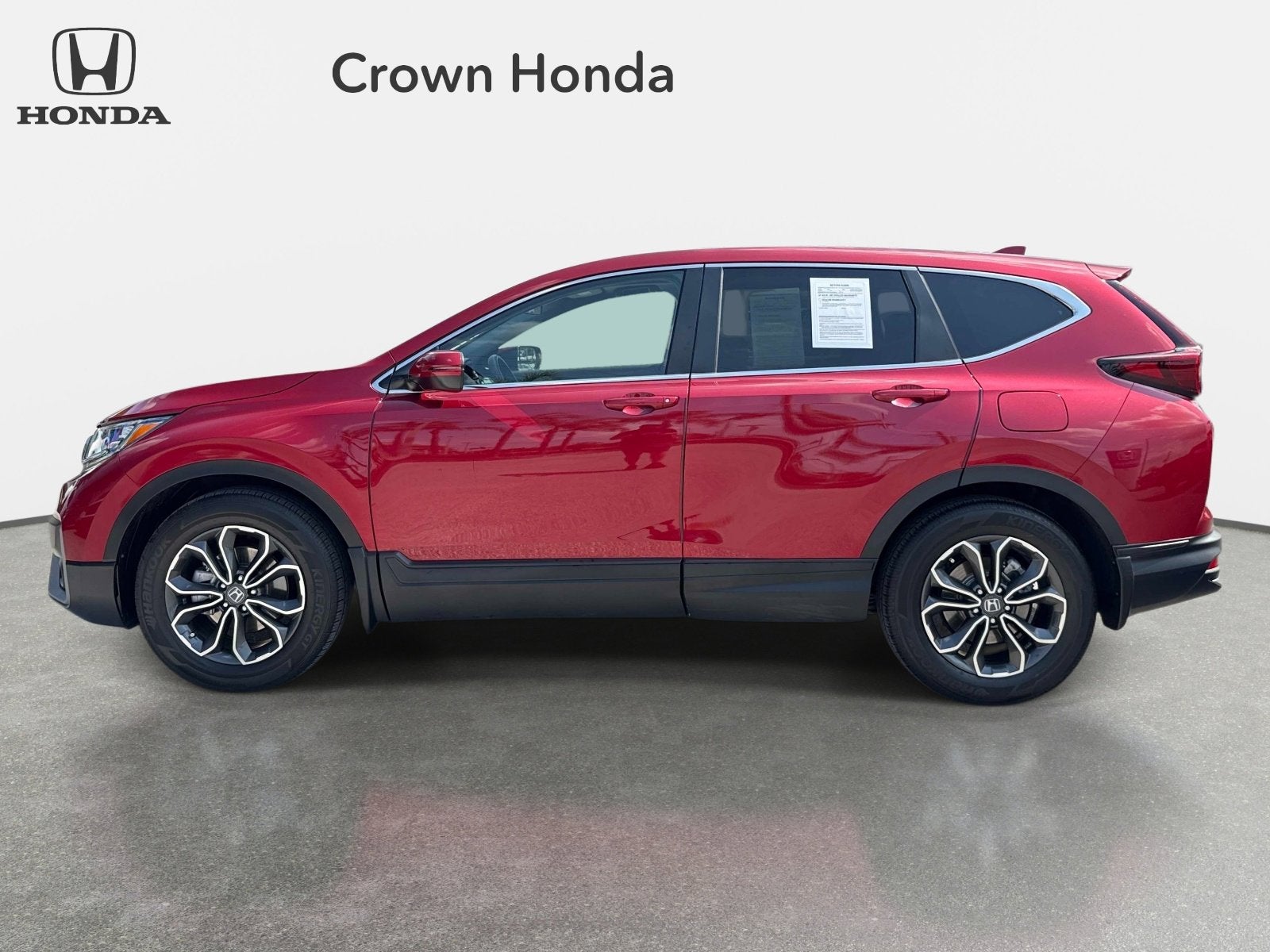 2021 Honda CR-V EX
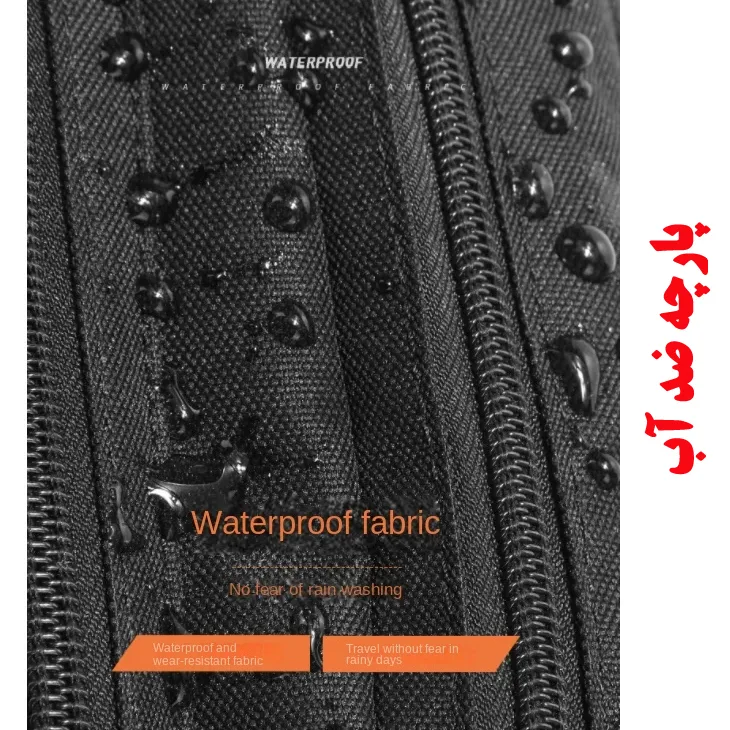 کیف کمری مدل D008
-- -- --
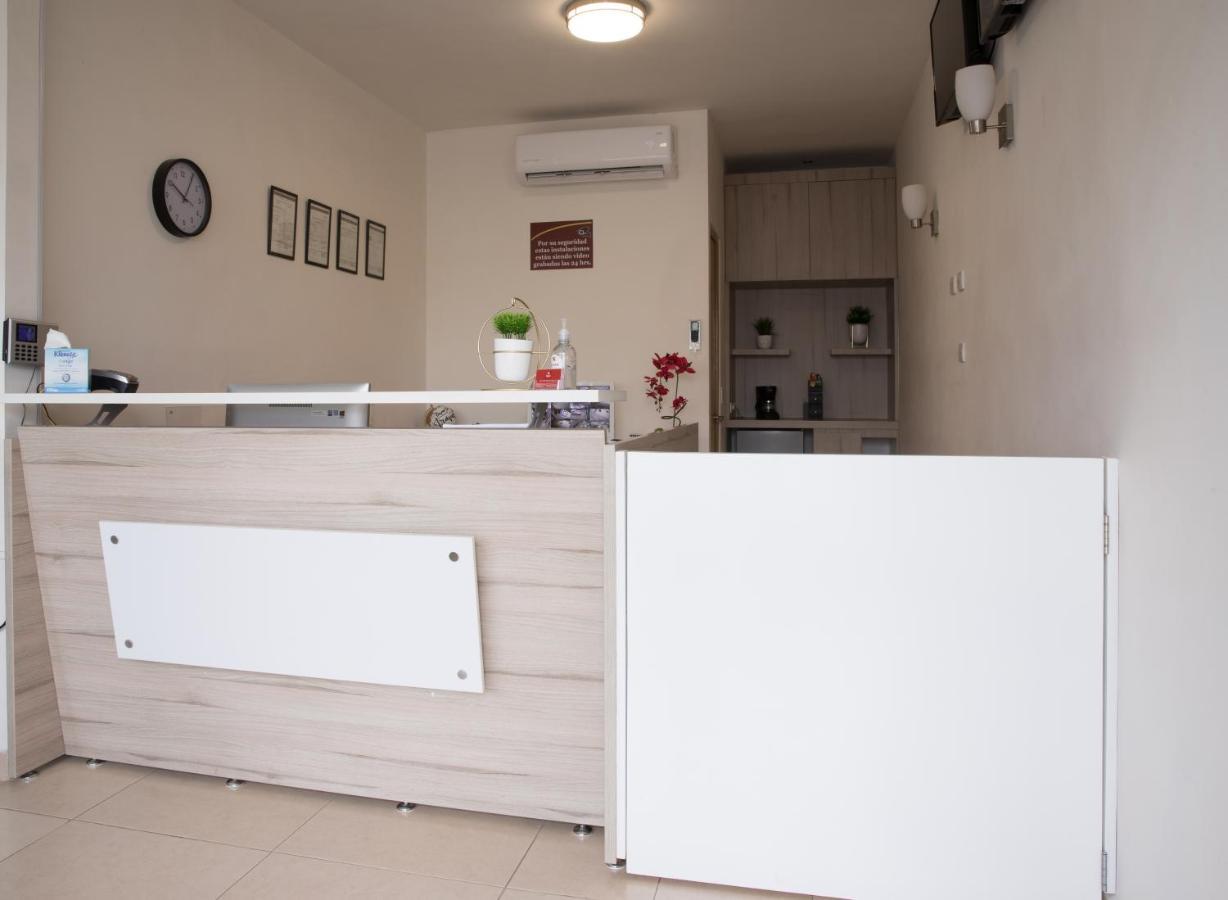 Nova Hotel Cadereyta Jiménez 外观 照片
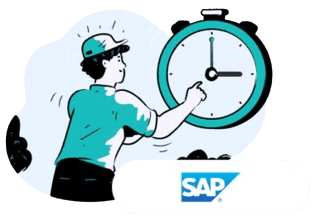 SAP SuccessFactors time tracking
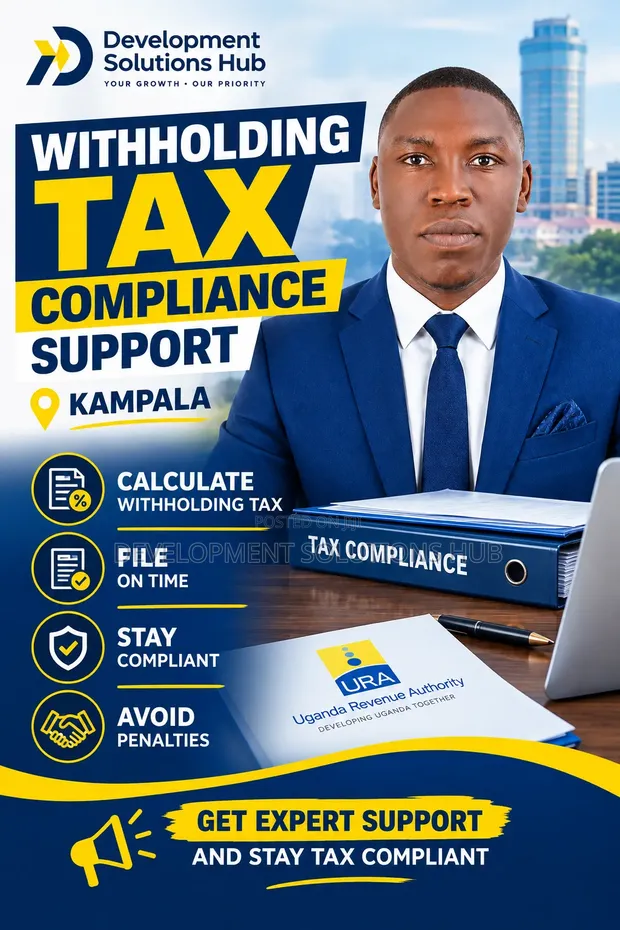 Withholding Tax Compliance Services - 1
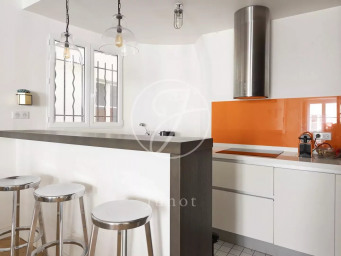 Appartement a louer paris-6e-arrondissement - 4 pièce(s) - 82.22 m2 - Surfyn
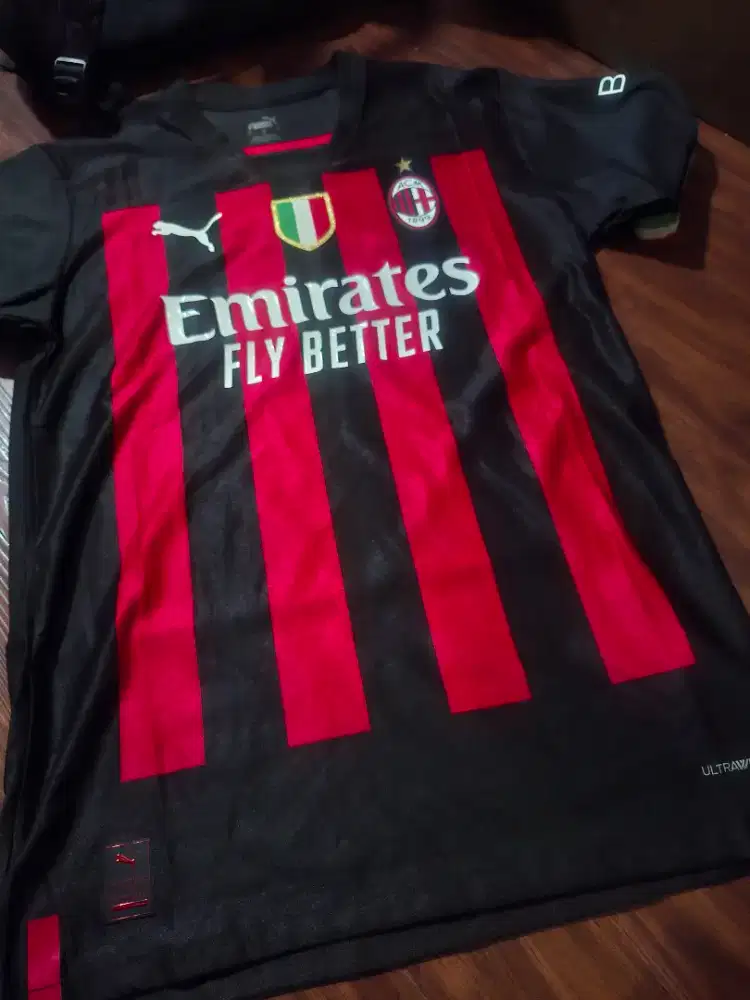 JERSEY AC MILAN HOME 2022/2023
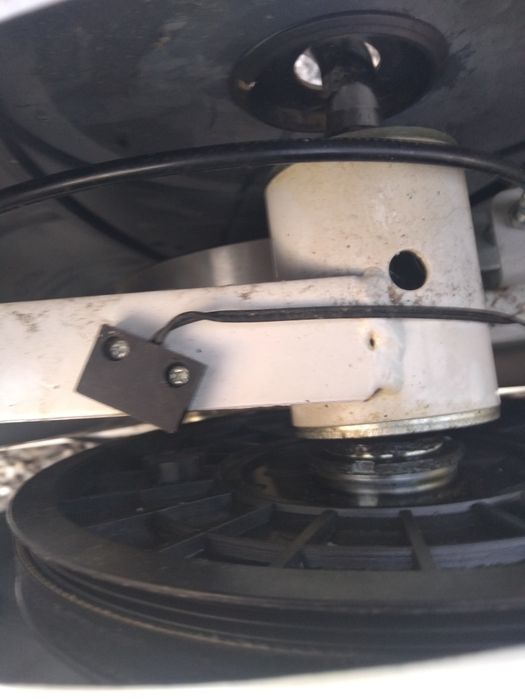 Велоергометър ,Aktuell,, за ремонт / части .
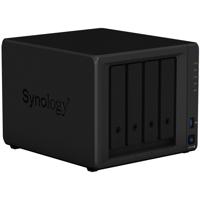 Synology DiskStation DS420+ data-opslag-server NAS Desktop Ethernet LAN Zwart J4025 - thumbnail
-- -- --
# To do
Reproduce the data above exactly, but only from the line containing "Велоергометър ,Aktuell,, за ремонт / части ." through the line containing "Synology DiskStation DS420+". Omit all pictures.

# Answer to the exercise
 Велоергометър ,Aktuell,, за ремонт / части .
 Synology DiskStation DS420+ data-opslag-server NAS Desktop Ethernet LAN Zwart J4025 - thumbnail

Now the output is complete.